А вот еще одна цитата, которую вполне можно охарактеризовать как державно-патриотическую: «В ответ на Вторую мировую войну и Холокост США сыграли главную роль (major role) в усилиях по предотвращению таких человеческих страданий в будущем». Сомнение в этой исторической заведомо небесспорной гипотезе, как мы видим, нью-йоркскими образовательными стандартами не предусматривается. И т.д.

Одним словом, проблема попыток идейно-воспитательного диктата государства по отношению к историческому образованию в вузах актуальна сегодня не только для России.

– В советское время историю подавали как борьбу классов и историю социального прогресса – от первобытнообщинного строя к социализму. В результате были народные герои – Болотников, Пугачев, Радищев, декабристы, парижские коммунары и т.д. И разнообразные враги прогресса. Это сильно исказило представления советских людей об истории страны и мира?

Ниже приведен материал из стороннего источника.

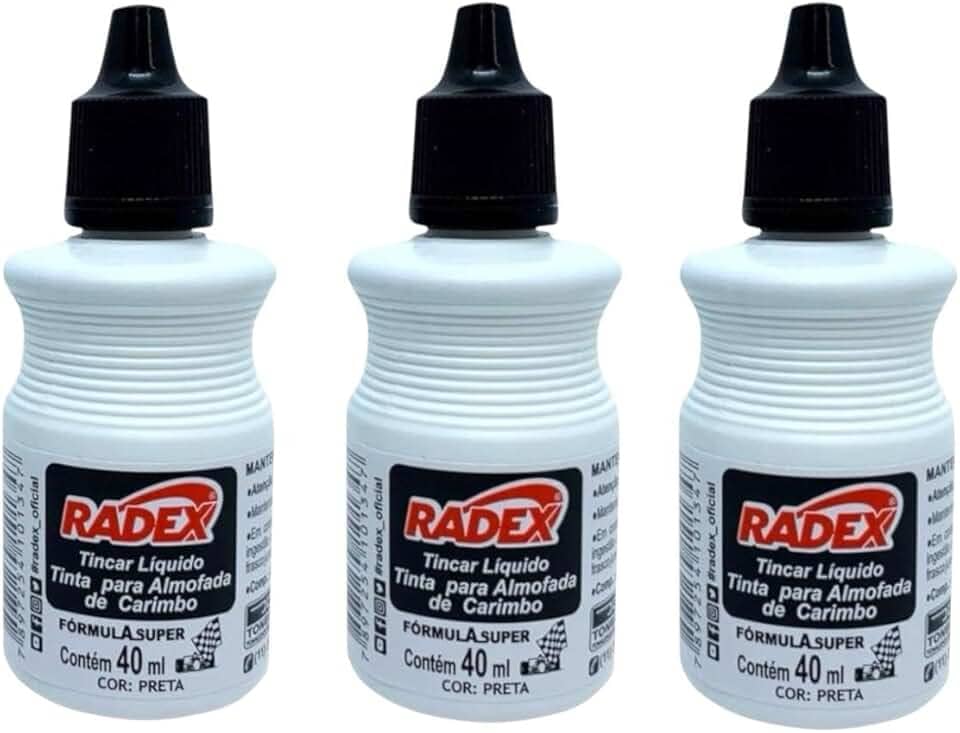 Tinta Para Carimbo Alto Rendimento Escolar Escritório 40ml preto kit com 3 unidades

– Вновь возвращаюсь к тому, что школа и вуз – разные вещи. И что в университетах решающую роль даже в эпоху СССР играли не учебники, а преподаватели. Но если брать школьное образование, то, конечно, здесь вред идеологизации истории был очень значителен. Дело в том, что «марксистско-ленинское учение» было предельно заштамповано и агрессивно-назидательно. Реальные люди и реальные события из этих «классовых схем» попросту исчезали. И уроки истории в школе были в итоге одними из самых скучных. Советская школа давала историю на 90% как «правильную память» и лишь на 10% – как науку «без гнева и пристрастия», какой заповедовал быть истории ещё римский историк Корнелий Тацит. Хотя и в советской школе бывали учителя-подвижники, умевшие сделать рассказ о прошлом красочным и увлекательным, «человечным».

– Это проблема: как рассказывать о расширении московского царства / российской империи. Завоевание Казани – хорошо или плохо?

– Проблема в том, что студентам в вузах вообще не надо рассказывать о том, «хорошо» это или «плохо». Надо объяснить, что было и почему было.

В предложенной концепции, к слову, сказано, что «внимание необходимо уделять изучению не фактов, а причинно-следственных связей».

Ну, с тем, что фактам внимания уделять не надо, я не согласен. Думаю, здесь сказалась реакция на уже ставшее притчей во языцех фактологическое «натаскивание» школьников в ходе подготовки к ЕГЭ. Однако без фактов истории как науки быть не может.

Но вот акцент на установлении причинно-следственных связей – очень даже верный. И, к слову, он полностью исключает необходимость отвечать на вопросы: «хорошо» это было или «плохо». Если мы установили причины того или иного события, то давать моральную оценку этому событию – все равно, что давать моральную оценку изменению климата на земле.

Повторяю, этим высшее образование должно, по моему мнению, отличаться от школьного. Условно говоря, то, что Красный террор или Большой террор были страшными трагедиями, это учащийся должен узнать ещё в школе. А в вузе он должен постараться проанализировать прошлое более научно и понять, почему такие трагедии оказались вообще возможны? Почему то, что он считает злом, сумело восторжествовать на длительный исторический срок?

– Вас лично устраивают те идейные ориентиры, которые дает новая концепция: «…на всем протяжении российской истории сильная центральная власть имела важнейшее значение для сохранения национальной государственности»?

– Абсолютно! Я убежден в том, что Н.М. Карамзин был абсолютно прав, когда заявлял о том, что Самодержавие является «Палладиумом России». Весь мой курс, посвящённый истории российского самодержавия, посвящён доказательству именно этого тезиса. Именно с этих позиций я рассматриваю российскую историю как не похожую ни на какую другую – фатально циклическую историю «цивилизации ресентимента».

Но я исхожу из того, что у других учёных могут быть совершенно другие концептуальные подходы к российской истории. И пытаться сегодня заставить этих учёных кривить душой и говорить студентам то, во что сами эти ученые не верят, значит наносить вред научному и преподавательскому поиску. Любые стандарты – это препоны на пути движения науки и преподавательского дела вперёд. Так что я – за максимальную свободу деятельности моих коллег, хотя, повторяю, лично мне «директивы», спущенные сверху, в содержательном плане (о «воспитательных сверхзадачах» я уже высказался выше) кажутся в целом адекватными русскому историческому процессу.